While courts should give deference to the expertise and specific knowledge that law enforcement officers have to suspect and detect drug activity, the district court properly concluded the totality of the circumstances did not support a reasonable suspicion for further detention of Yang’s *661car to await the canine unit.4 The able and experienced district court judge thoroughly examined and analyzed the facts in determining that the trooper violated Yang’s Fourth Amendment rights. Here the inferences from the facts can and do support the district judge’s decision. No clear error existed, but merely a difference of views between the majority and the district court on inferences to be drawn from the evidence. This difference does not amount to clear error.
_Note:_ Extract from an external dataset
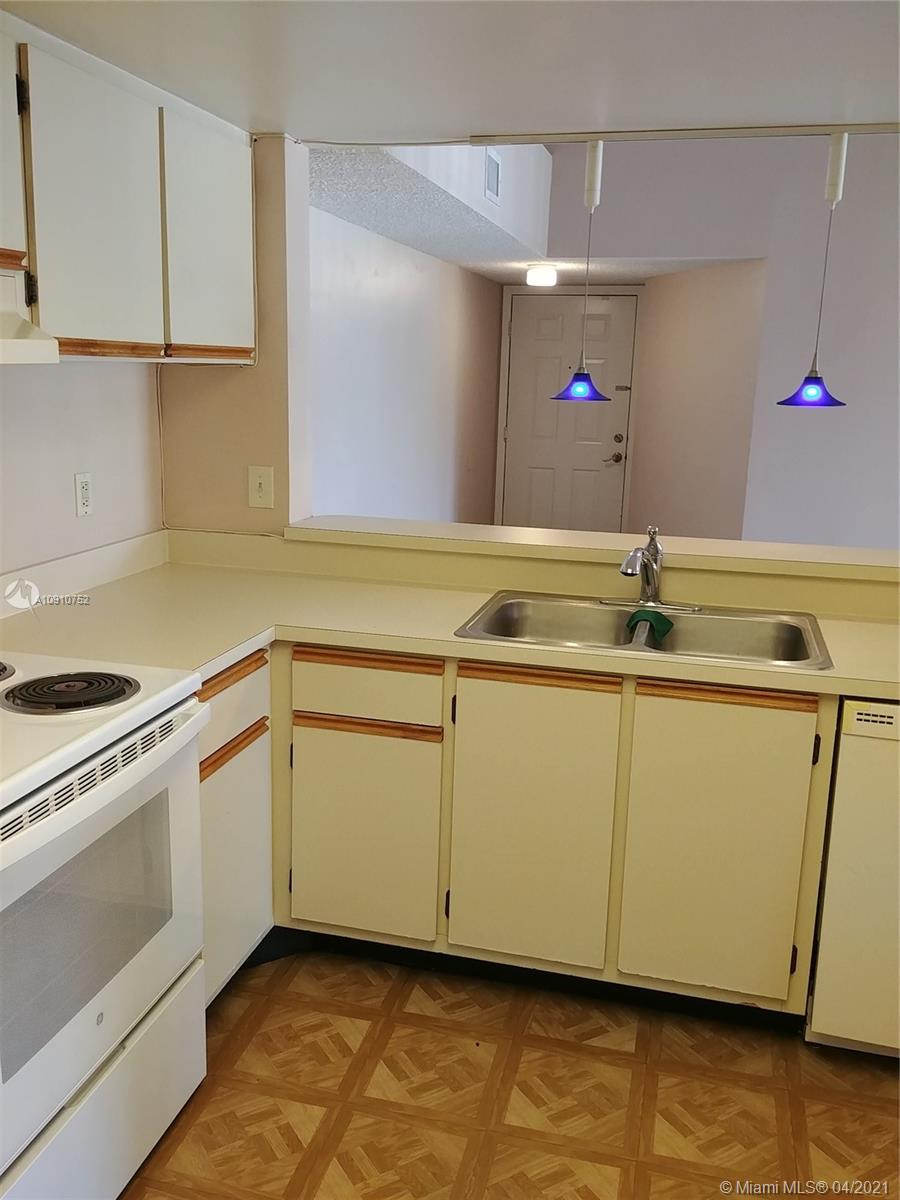 VISCONTI CONDO - Residential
Thus, I would affirm the district court.
. Yang consented to the first search where Trooper Anderson searched the trunk and passenger compartment of Yang’s vehicle on the roadside. In the second search, law enforcement searched Yang’s vehicle at a nearby truck stop. The third search, based on a search warrant, occurred the following day. In addition, a drug dog sniffed both the exterior and interior of Yang’s car while stopped on the interstate. A canine sniff of Yang’s car, while on the highway, does not constitute a search for Fourth Amendment purposes. United States v. $404,905.00, 182 F.3d 643, 647 (8th Cir.1999) (citing United States v. Place, 462 U.S. 696, 707, 103 S.Ct. 2637, 77 L.Ed.2d 110 (1983)).
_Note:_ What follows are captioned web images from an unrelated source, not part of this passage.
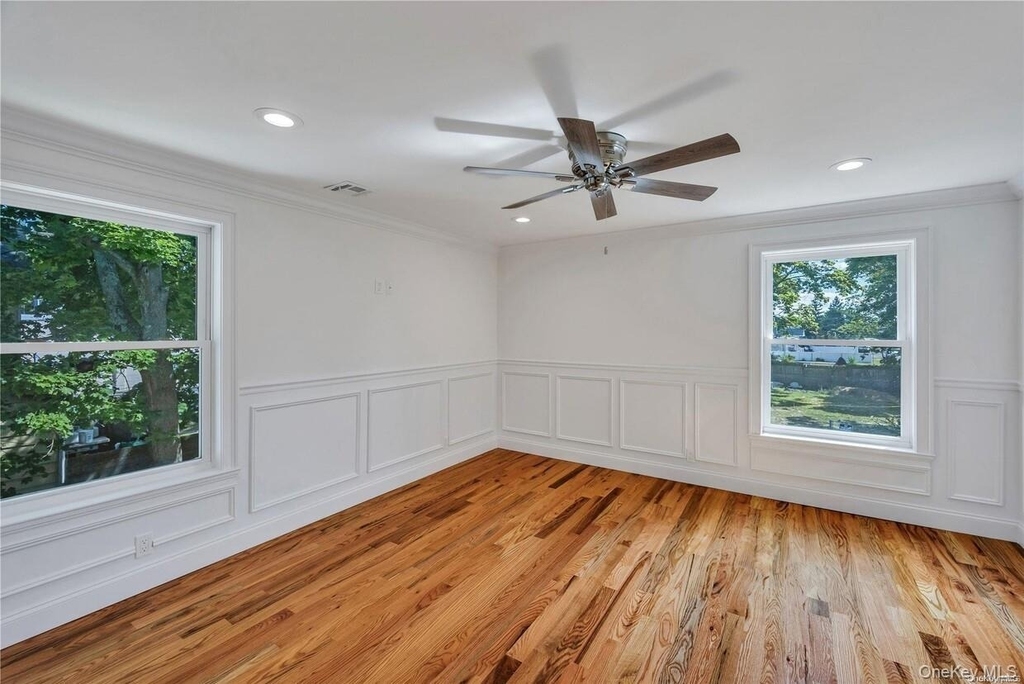 177 Waverly Avenue - Photo 2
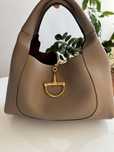 Piekna torba Gucci Softbit Medium Top Handle Bag
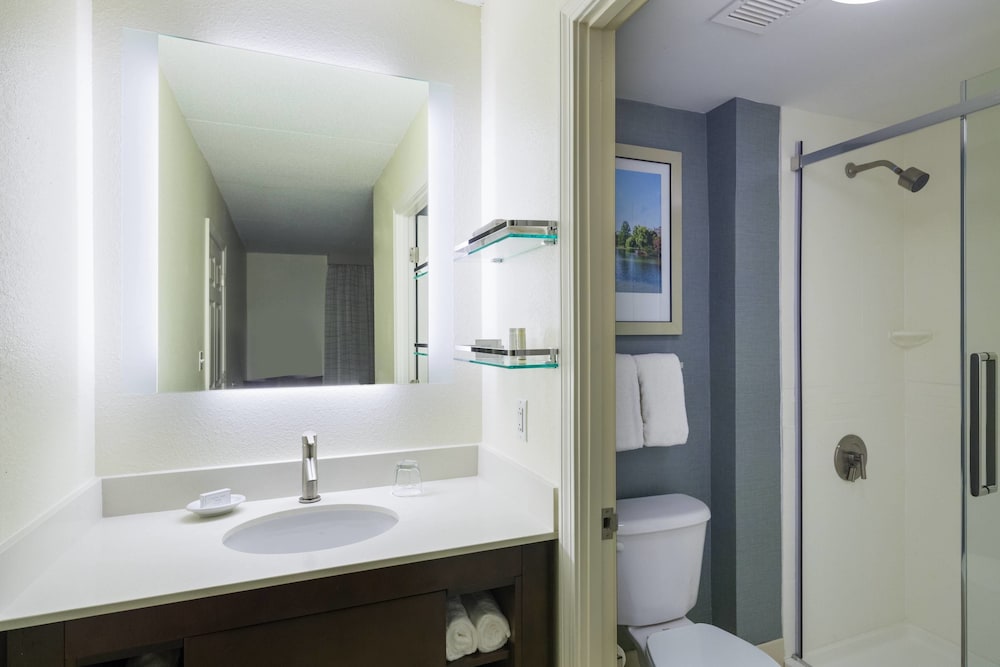 Suite, 2 Bedrooms, Fireplace, Corner - Photo 7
. The Supreme Court explained "a police officer may draw inferences based on his own experience in deciding whether probable cause exists. To a layman the sort of loose panel below the back seat armrest in the automobile ... may suggest only wear and tear, but to Officer Luedlce, who had searched roughly 2,000 cars for narcotics, it suggested that drags may be secreted inside the panel.” Ornelas v. United States, 517 U.S. 690, 700, 116 S.Ct. 1657, 134 L.Ed.2d 911 (1996). Many of the factors Trooper Anderson relied on were not of the kind noted in Ornelas. Trooper Anderson did not note any particular factors that made him suspect drugs were concealed in the car, such as missing screws, loose panels, or paint oversprays.
. The district court also rejected the contention that Yang's initially calm demeanor was suspicious. The court explained "there has been no showing that Trooper Anderson’s questioning technique is objectively reasonable. Indeed, the response which Trooper Anderson finds suspicious is the opposite of that normally through [sic] to be suspicious, overly overt nervousness.” It is difficult also to perceive that if someone is calm under one situation, his actions are suspicious, but if he acts agitated, suspicion also arises.
. The court concluded that the sum of "circumstances relied upon by the government when examined in light of Trooper Anderson’s training and expertise do not give rise to a reasonable, articulable suspicion that defendant Yang was engaged in criminal activity at the time that he informed defendant Yang that he was not going to permit him to leave with his car."